ARcadia is a toolkit for bringing paper prototypes to life through the use of marker-based Augmented Reality.
It enables people to create tangible interfaces for real-time creative expression without the use of
embedded sensors or electronics.
Users can construct interfaces using cardboard, paper, and other craft materials and stick fiducial markers on it to enable tracking via a webcam. Users can then program different mappings between markers and events to add interactivity to their projects. After the crafting and programming phase, a user can play with their interface live – meaning their interactions with the interface will cause events to occur in real-time. Examples of possible projects include drum machines, pianos, games, etc with only using cardboard, fiducial markers, and a camera.

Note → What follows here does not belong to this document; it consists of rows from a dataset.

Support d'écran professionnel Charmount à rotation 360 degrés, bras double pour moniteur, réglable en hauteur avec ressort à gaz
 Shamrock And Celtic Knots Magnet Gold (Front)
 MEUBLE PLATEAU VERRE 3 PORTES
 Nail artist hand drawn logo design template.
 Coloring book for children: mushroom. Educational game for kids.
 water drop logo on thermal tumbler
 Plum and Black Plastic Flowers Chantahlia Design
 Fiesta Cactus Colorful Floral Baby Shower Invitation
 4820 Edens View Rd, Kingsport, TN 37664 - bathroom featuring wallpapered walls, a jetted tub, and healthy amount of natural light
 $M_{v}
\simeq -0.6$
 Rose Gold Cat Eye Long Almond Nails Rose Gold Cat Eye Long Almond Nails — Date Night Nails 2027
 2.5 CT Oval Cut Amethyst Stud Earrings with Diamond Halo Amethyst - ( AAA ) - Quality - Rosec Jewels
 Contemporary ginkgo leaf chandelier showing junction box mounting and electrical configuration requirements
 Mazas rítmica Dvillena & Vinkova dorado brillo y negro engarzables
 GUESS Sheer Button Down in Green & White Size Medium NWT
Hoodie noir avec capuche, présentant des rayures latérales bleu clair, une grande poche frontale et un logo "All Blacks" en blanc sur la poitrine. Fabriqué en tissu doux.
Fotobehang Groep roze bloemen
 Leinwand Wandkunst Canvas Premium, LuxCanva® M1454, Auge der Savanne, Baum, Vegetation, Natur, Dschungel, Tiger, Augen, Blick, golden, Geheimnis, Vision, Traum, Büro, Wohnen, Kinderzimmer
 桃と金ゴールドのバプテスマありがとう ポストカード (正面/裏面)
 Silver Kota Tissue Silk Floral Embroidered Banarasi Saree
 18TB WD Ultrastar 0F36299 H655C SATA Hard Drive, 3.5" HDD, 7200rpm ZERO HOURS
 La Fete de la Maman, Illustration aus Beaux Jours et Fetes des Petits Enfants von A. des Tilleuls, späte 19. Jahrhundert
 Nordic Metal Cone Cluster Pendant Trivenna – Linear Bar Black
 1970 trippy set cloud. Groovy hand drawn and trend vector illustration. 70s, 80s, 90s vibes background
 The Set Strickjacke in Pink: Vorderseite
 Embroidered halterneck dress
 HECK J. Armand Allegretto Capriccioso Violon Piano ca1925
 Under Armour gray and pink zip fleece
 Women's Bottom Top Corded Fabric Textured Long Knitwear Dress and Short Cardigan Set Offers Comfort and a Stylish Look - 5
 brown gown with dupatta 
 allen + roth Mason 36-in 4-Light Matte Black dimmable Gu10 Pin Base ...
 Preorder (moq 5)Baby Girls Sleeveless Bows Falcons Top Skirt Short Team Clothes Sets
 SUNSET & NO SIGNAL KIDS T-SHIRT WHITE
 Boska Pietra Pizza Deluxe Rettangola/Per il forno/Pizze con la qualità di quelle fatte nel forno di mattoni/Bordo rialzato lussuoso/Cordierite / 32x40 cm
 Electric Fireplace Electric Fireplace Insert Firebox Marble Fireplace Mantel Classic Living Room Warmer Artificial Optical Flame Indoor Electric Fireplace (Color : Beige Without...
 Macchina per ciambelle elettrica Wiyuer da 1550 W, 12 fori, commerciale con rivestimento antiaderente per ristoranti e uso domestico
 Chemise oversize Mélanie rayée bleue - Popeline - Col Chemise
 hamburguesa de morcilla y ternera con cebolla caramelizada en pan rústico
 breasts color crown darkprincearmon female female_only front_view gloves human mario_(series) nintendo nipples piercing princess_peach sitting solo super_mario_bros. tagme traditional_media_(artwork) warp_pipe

I developed ARcadia in collaboration with the Microsoft MakeCode team while I was an intern there. Since my internship ending, I have continued to conduct user testing and iterate on the design of ARcadia using design based research methods. In the process of developing ARcadia I have used best UI/UX practices as well as standards that Microsoft Research developed.
Using physical ARcadia elements to control a YouTube video.
Annie Kelly, R. Benjamin Shapiro, Jonathan de Halleux, and Thomas Ball. 2018.
ARcadia: A Rapid Prototyping Platform for Real-time Tangible Interfaces.
In Proceedings of the 2018 CHI Conference on Human Factors in Computing Systems (CHI ’18).
Association for Computing Machinery, New York, NY, USA, Paper 409, 1–8.